Cette hypothèse est largement confirmée par des exemples récents. Pour revenir au cas de l'entreprise Perrier à Vergèse (accord de GPEC du 29 juillet 2004), la menace de délocalisation, alors que l'entreprise est bénéficiaire, fait plier les salariés, bien que la syndicalisation soit forte et que la CGT obtienne 80% des suffrages. Les salariés sont confrontés aux syndicats et obligent ce dernier à "lever" son droit d'opposition, et il semble que la CGT ait été sanctionnée aux élections suivantes.

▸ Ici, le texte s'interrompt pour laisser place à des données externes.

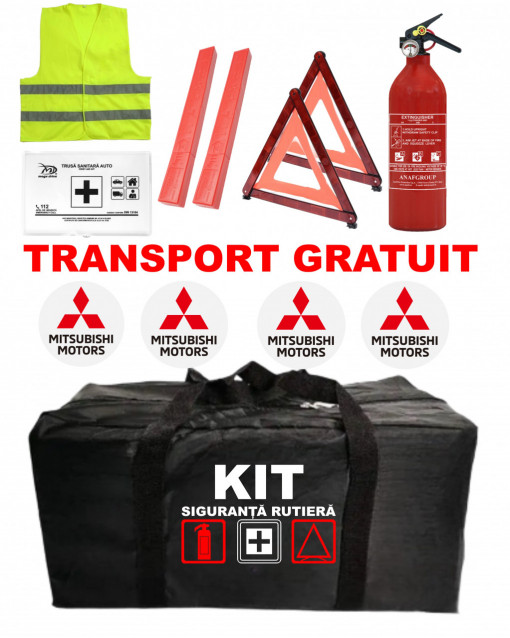 Set Kit - Trusa siguranta auto omologat R.A.R, Stingator cu manometru 1kg P1 , Trusa Medicala, 2 Triunghiuri Reflectorizante , 4 stickere autoadezive Mitsubishi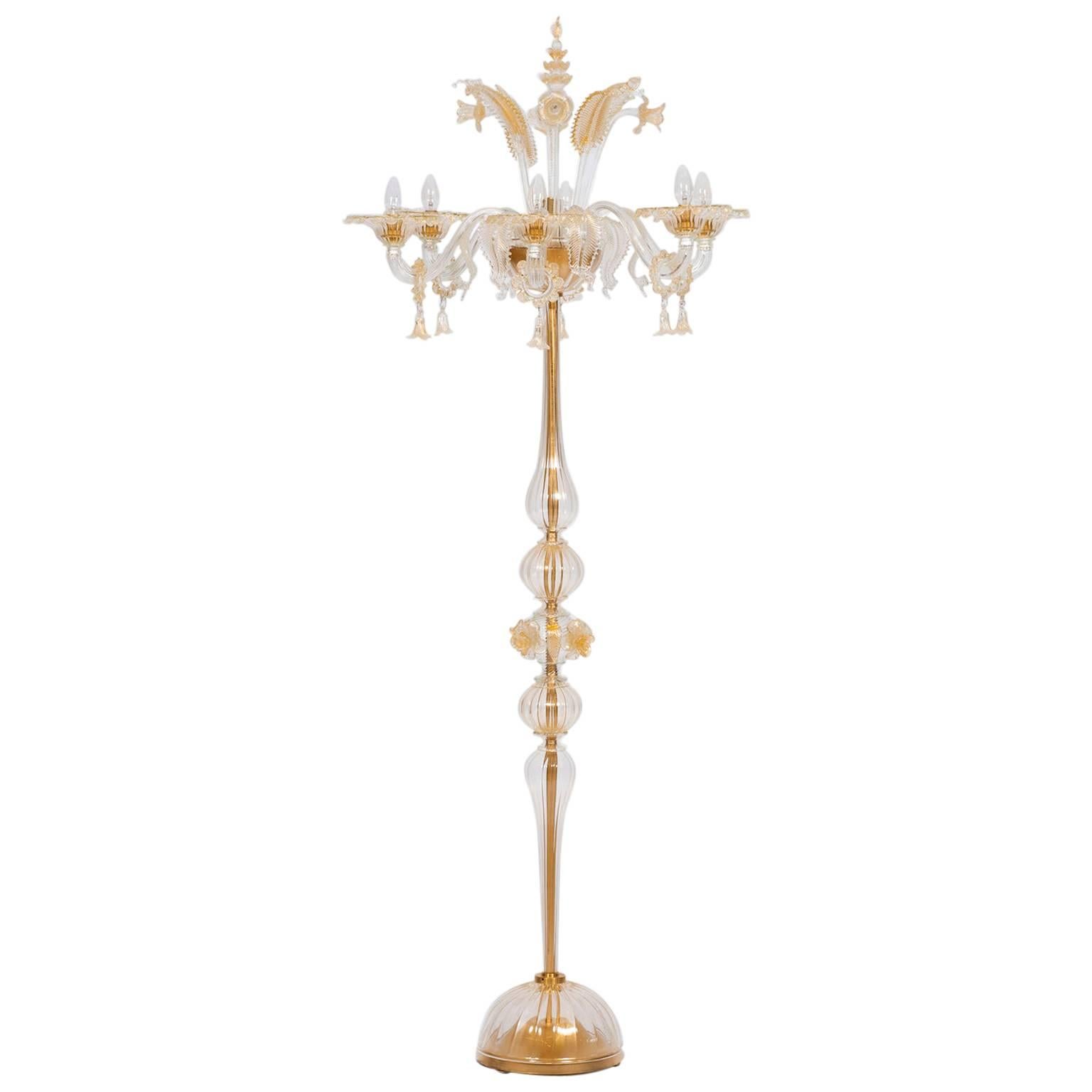 Lampadaire doré en verre de Murano soufflé avec fleurs et feuilles, années 1990, Italie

De même chez Bosch ( avenant à l’accord sur le temps de travail de juillet 2004), l'opposition syndicale n'a pas suffi à convaincre les salariés dont l'emploi était menacé et qui obligent leur syndicat à signer un accord de concession.

391.

Yves Chalaron, "Conventions et accords collectifs", Jurisclasseur travail, fascicule 19-10, n° 20.

392.

Marie Armelle Souriac et George Borenfreund, "Négociation entre illusions et désillusions", in Droit syndcial et droits de l’homme à l’aube du XXIième siècle , Mélanges en l’honneur de Jean-Marie Verdier, Dalloz 2001, p. 222.

393.

Alain Supiot, Critique du droit du travail,PUF, Quadrige 2002, p. 124.

394.

Alain Supiot, Critique du droit du travail,PUF, Quadrige 2002, p. 115.

395.

Le libre consentement n'existe pas comme l'explique la théorie marxiste, donc cette fiction juridique permet surtout de s'assurer que le contrat n’est pas uniquement le fruit d'une volonté unilatérale.

396.

George Borenfreund, "La représentation des salariés et l'idée de représentation", Dr. soc. , 1991, p. 685.

397.

Emmanuel Dockès, "La réciprocité des dispositions dans la convention collective", Dr. ouv. , Décembre 1997, p. 503.